Lebanon's Parliament Speaker Nabih Berri, long one of Hezbollah's most consequential political patrons, has publicly condemned the U.S.-brokered agreement between Beirut and Tel Aviv, arguing that the deal risks inflaming domestic divisions and may never be carried out. His denunciation underscores the fragile, contested ground on which any ceasefire architecture in southern Lebanon must stand - and raises serious doubts about whether American diplomatic efforts can hold without bringing Iran to the table.
A Deal Rejected Before the Ink Has Dried
Berri's objections carry particular weight given his institutional role and his decades-long alignment with Hezbollah, the Iran-backed movement that remains the dominant armed force in southern Lebanon. His criticism was not merely procedural. He framed the agreement as fundamentally illegitimate - a formulation that Hezbollah itself echoed by describing the deal as tantamount to surrender.
Israel, for its part, has signaled its intention to proceed regardless of Hezbollah's posture, with Israeli officials committing to begin troop redeployment from what have been designated as pilot zones.

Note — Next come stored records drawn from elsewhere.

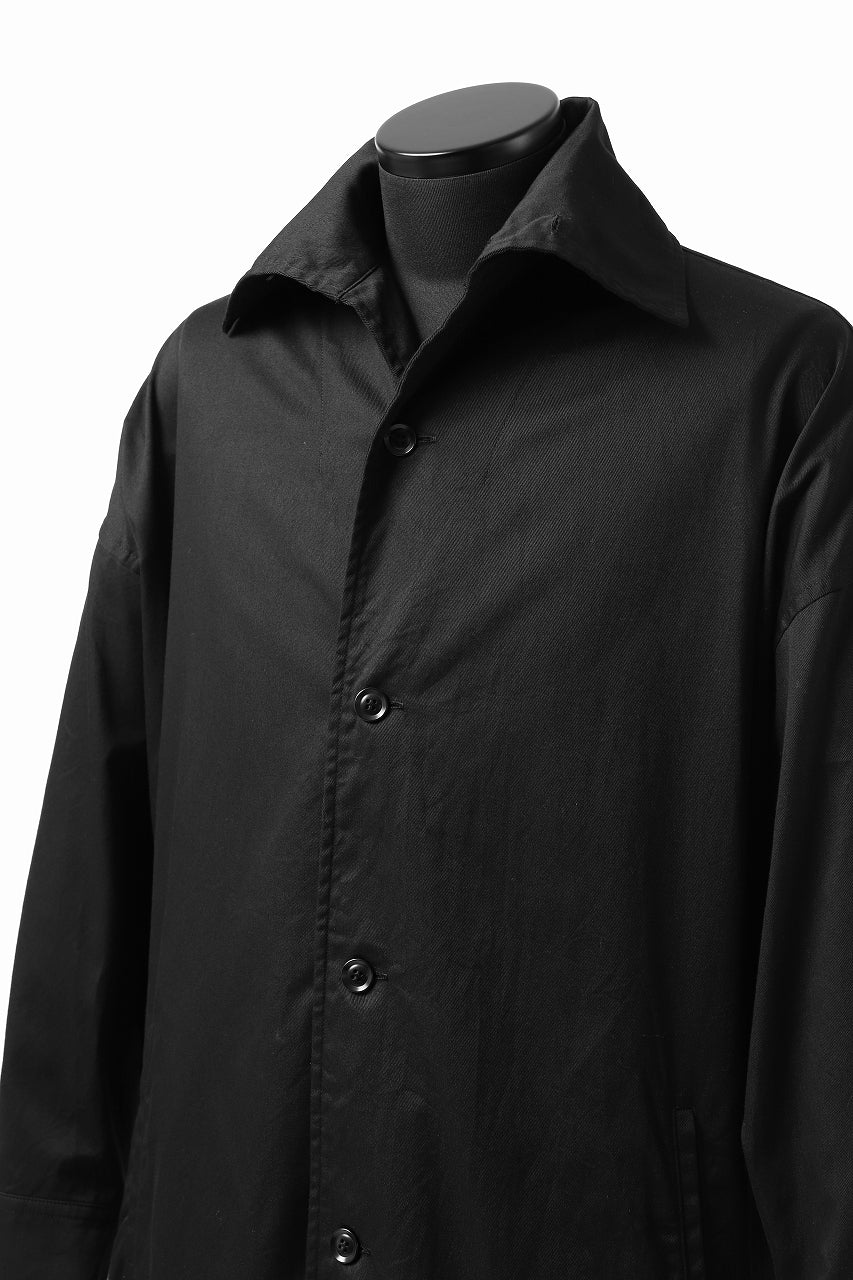 Y's HIGH-COLLAR LONG COAT / SOFT TWILL (BLACK) - Image 19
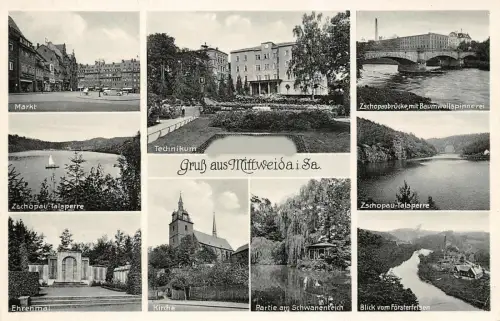 Gruss aus Mittweida Sachsen Markt, Talsperre Postkarte AK 1940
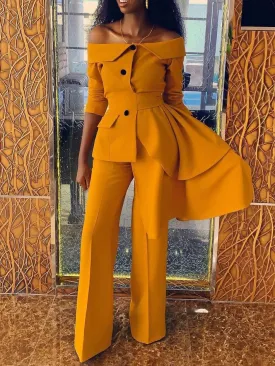 Sets Fashion One Word Collar Top & Pants Two Piece Set for Women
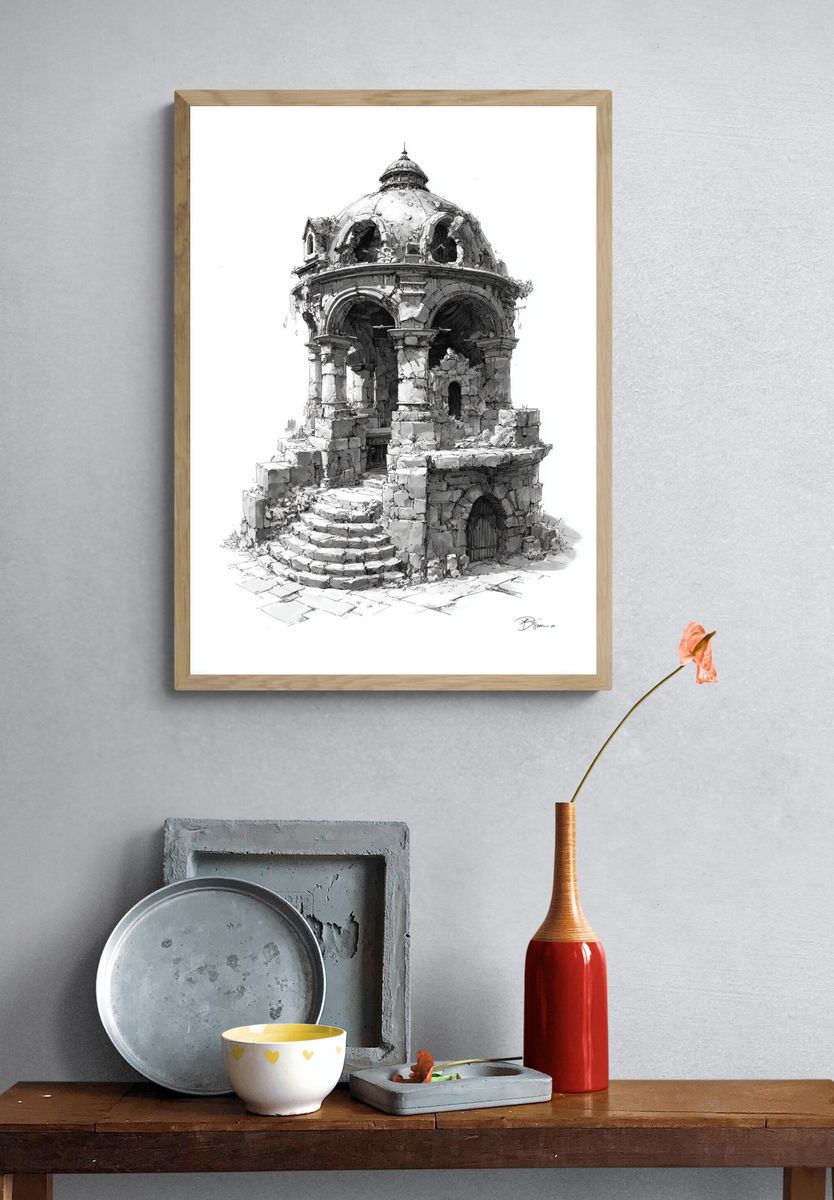 Ruined Stone Pavilion — Fine Art Print. — room view 3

That language of phased withdrawal suggests a measured approach, but the conditions on the ground - including Hezbollah's continued military activity - complicate any timetable. An agreement that one major party considers a capitulation and another considers a preliminary is not yet an agreement in any functional sense.
The Iranian Dimension Berri Is Insisting On
At the center of Berri's argument is a proposition that Washington has been reluctant to fully accept: that any durable Israeli withdrawal from southern Lebanon cannot be decoupled from broader U.S.-Iran negotiations. Berri contended that treating the two tracks as separate - pursuing a Lebanon arrangement while keeping Iran at arm's length - would only extend Israel's occupation of the south, not end it.

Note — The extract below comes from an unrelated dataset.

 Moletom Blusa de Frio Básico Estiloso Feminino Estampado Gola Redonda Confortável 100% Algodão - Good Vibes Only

This is not simply political posturing. Tehran has made clear that a Lebanese ceasefire is one of its conditions in any broader understanding with Washington. The two tracks are, in Iran's calculus, inseparable. Whether the Biden or any subsequent U.S. administration chooses to acknowledge that linkage publicly or not, the practical dynamics on the ground enforce it. Hezbollah does not move independently of Tehran's strategic direction, and any settlement that does not account for that relationship is built on an unstable foundation.

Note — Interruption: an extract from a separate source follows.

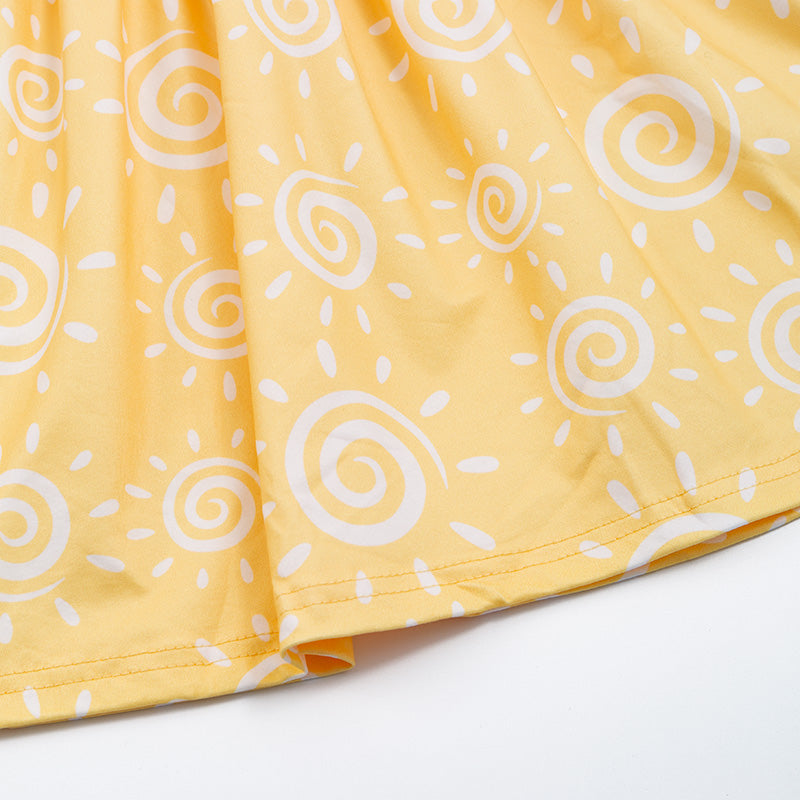 Girls Yellow Print Dress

Lebanon's Government Walks a Narrowing Path
The Lebanese state itself occupies a peculiar and precarious position. The government in Beirut has maintained diplomatic engagement with Israel - an act of considerable political exposure in a country where Hezbollah commands both armed strength and electoral representation. Simultaneously, the Lebanese government has pressed for Hezbollah's disarmament, a demand that aligns with international expectations under United Nations Security Council Resolution 1701 but has never been enforced in any meaningful way.
This internal contradiction - engaging diplomatically while pushing for disarmament of the most powerful non-state actor in the country - reflects the genuine limits of Lebanese state authority. Berri's warning of internal division is not simply rhetoric; it points to a real risk that any externally imposed or externally brokered arrangement could deepen the fault lines running through Lebanese society and its political class.
What Comes Next, and Why It Is Uncertain
The regional stakes are substantial. The conflict in southern Lebanon has served as both a pressure valve and a pressure point in the wider confrontation between the United States, Israel, and Iran. A genuine resolution would require each of these actors to accept constraints they have so far resisted. Israel would need to complete a credible withdrawal. Hezbollah would need to accept conditions it has labeled surrender. Iran would need to be included in diplomatic processes that Washington has often preferred to manage without it. And Lebanon's government would need enough internal cohesion to implement any agreement - cohesion that Berri's own statements suggest is currently absent.
None of that is impossible. But the gap between where the parties stand today and where a workable settlement would require them to stand is considerable. Berri's public condemnation is a signal, not just a statement - a warning that the architecture of this deal, as currently constructed, may not survive contact with the region's political realities.